### What the exercise asks:
Transcribe each record exactly. Omit the pictures.

^^^^^^^^^^^^^^^^

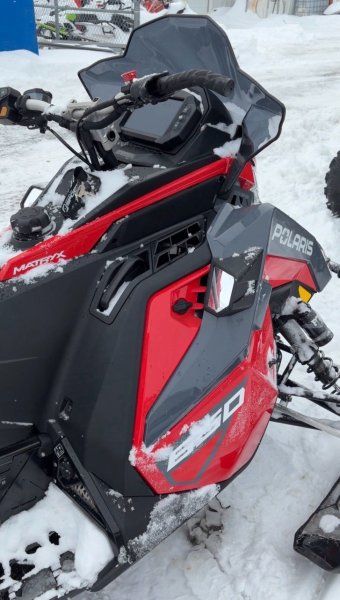 Polaris 650 INDY ADVENTURE 137  2024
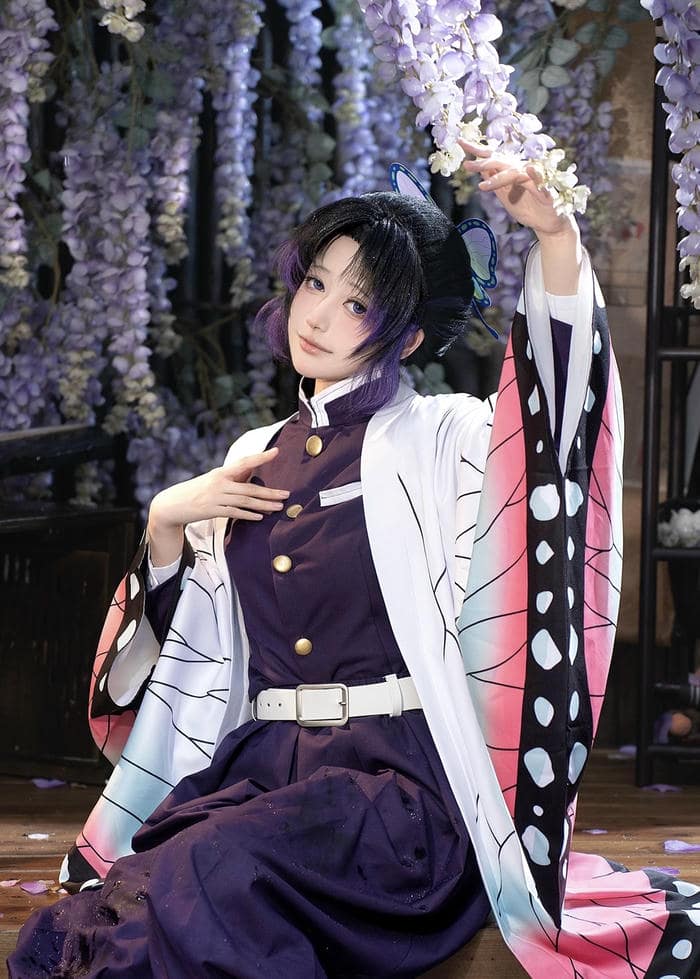 Ảnh cosplay Demon Slayer nữ trụ cột cánh bướm nhẹ nhàng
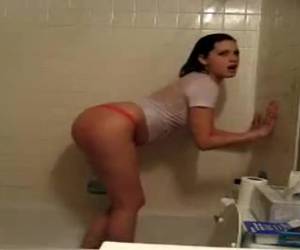 Cette nana bandante s’amuse fait. elle est sexy stripping par différentes pièces de sa maison. se terminant sous la douche, son corps chaude humide. ses gros seins sont visibles à travers son tshirt mouillé.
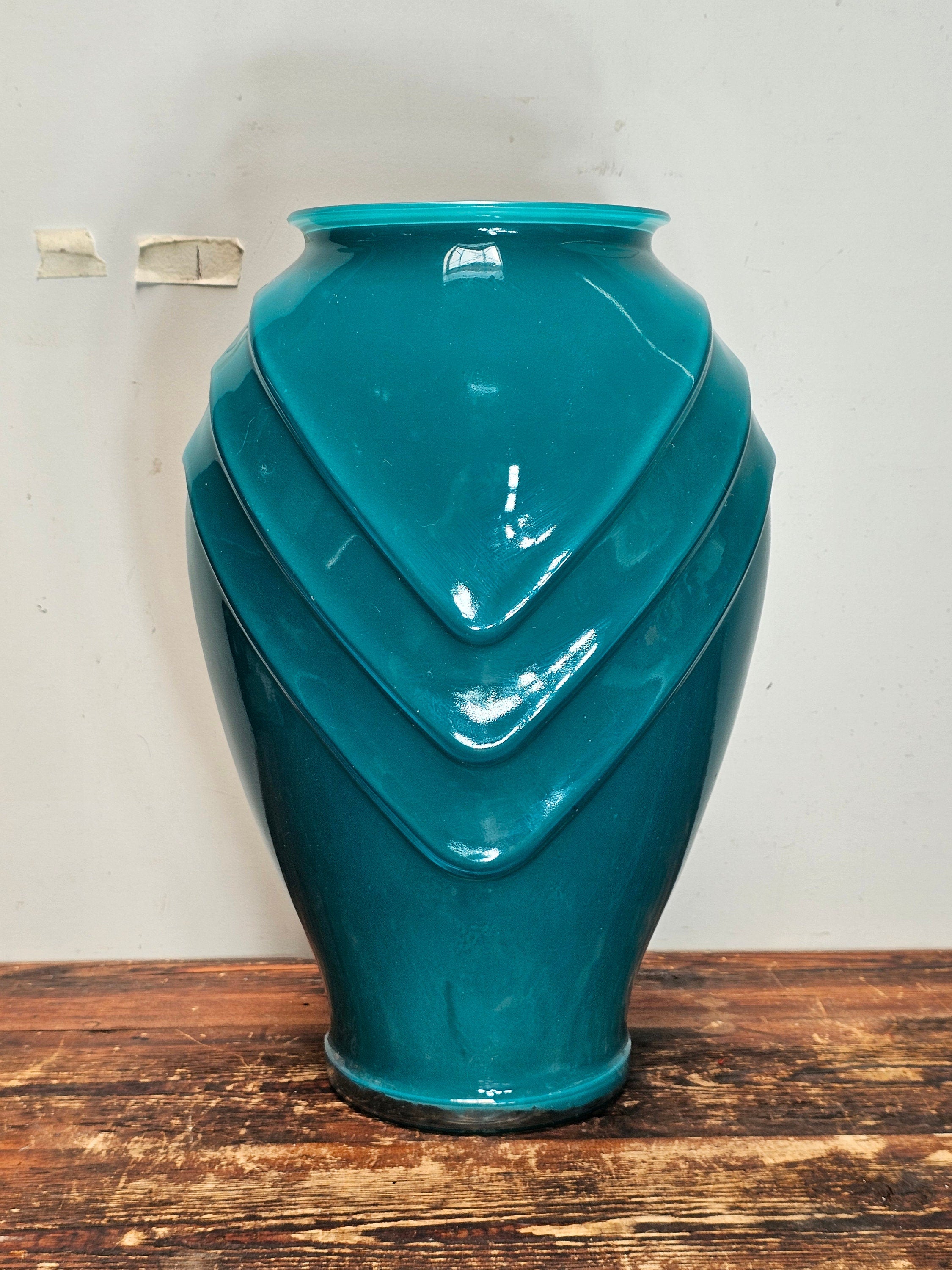 Large Art Deco Jade Color Scalloped Glass Flower Vase 11" x 8" x 16"H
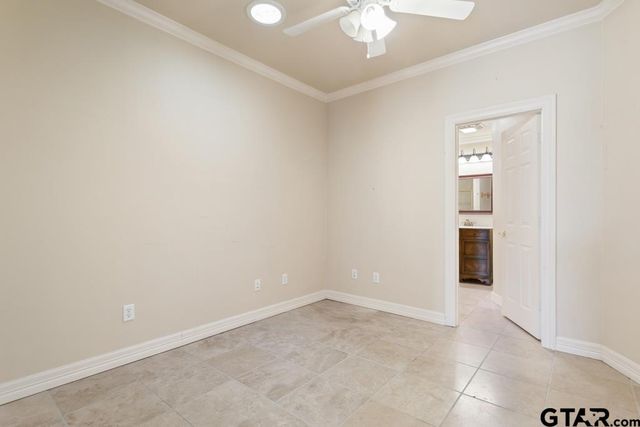 7050 Walden Dr, Tyler, TX 75703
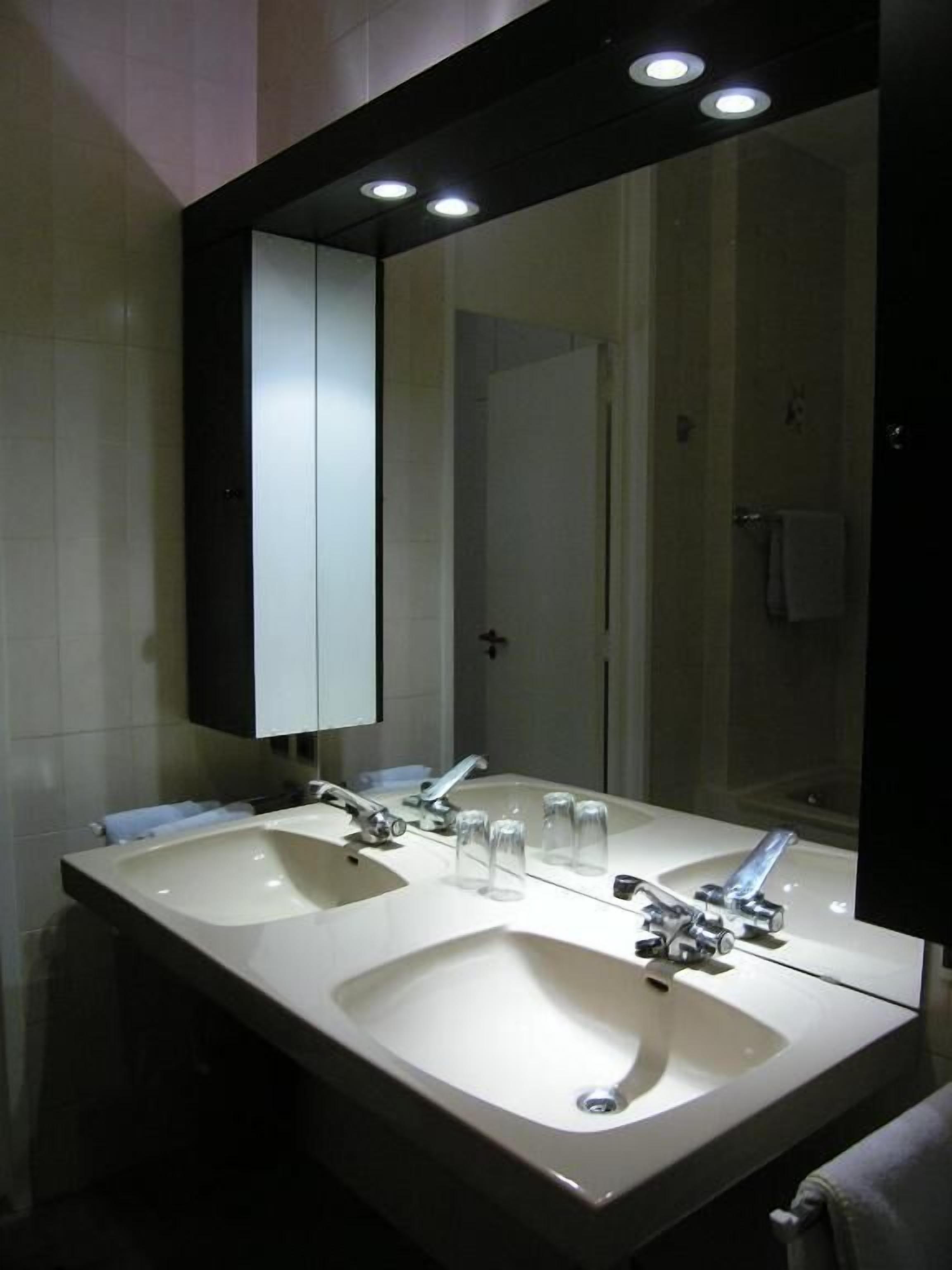 Deluxe Double Room, Garden View | Bathroom | Slippers, towels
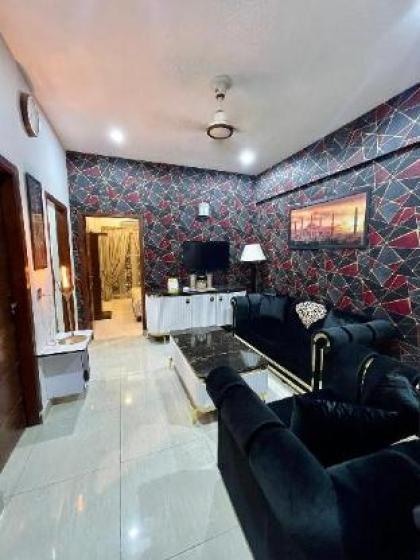 Lavish 2 Bed Apartment - image 13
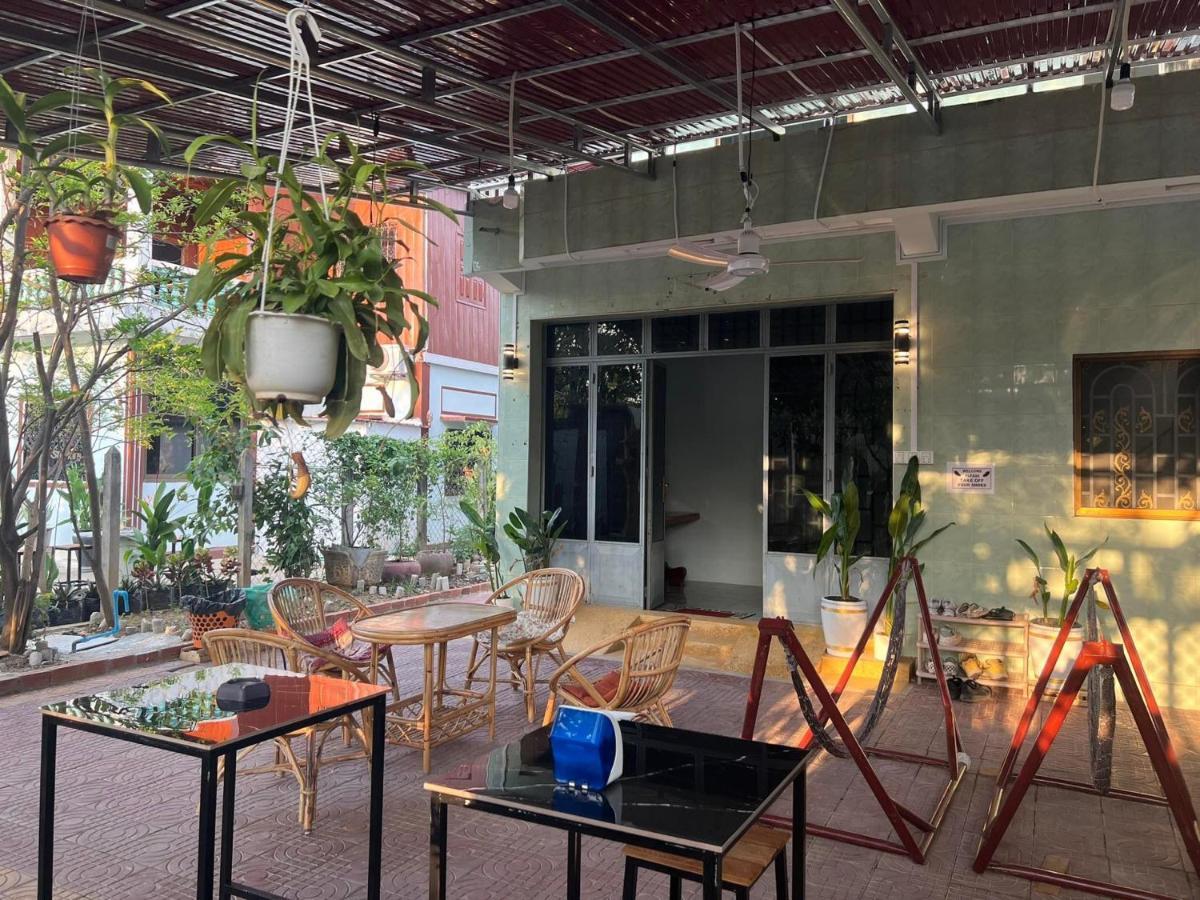 Lotus Blanc Homestay Battambang Exteriör bild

^^^^^^^^^^^^^^^^

### Answer section:
 Polaris 650 INDY ADVENTURE 137  2024
 Ảnh cosplay Demon Slayer nữ trụ cột cánh bướm nhẹ nhàng
 Cette nana bandante s’amuse fait. elle est sexy stripping par différentes pièces de sa maison. se terminant sous la douche, son corps chaude humide. ses gros seins sont visibles à travers son tshirt mouillé.
 Large Art Deco Jade Color Scalloped Glass Flower Vase 11" x 8" x 16"H
 7050 Walden Dr, Tyler, TX 75703
 Deluxe Double Room, Garden View | Bathroom | Slippers, towels
 Lavish 2 Bed Apartment - image 13
 Lotus Blanc Homestay Battambang Exteriör bild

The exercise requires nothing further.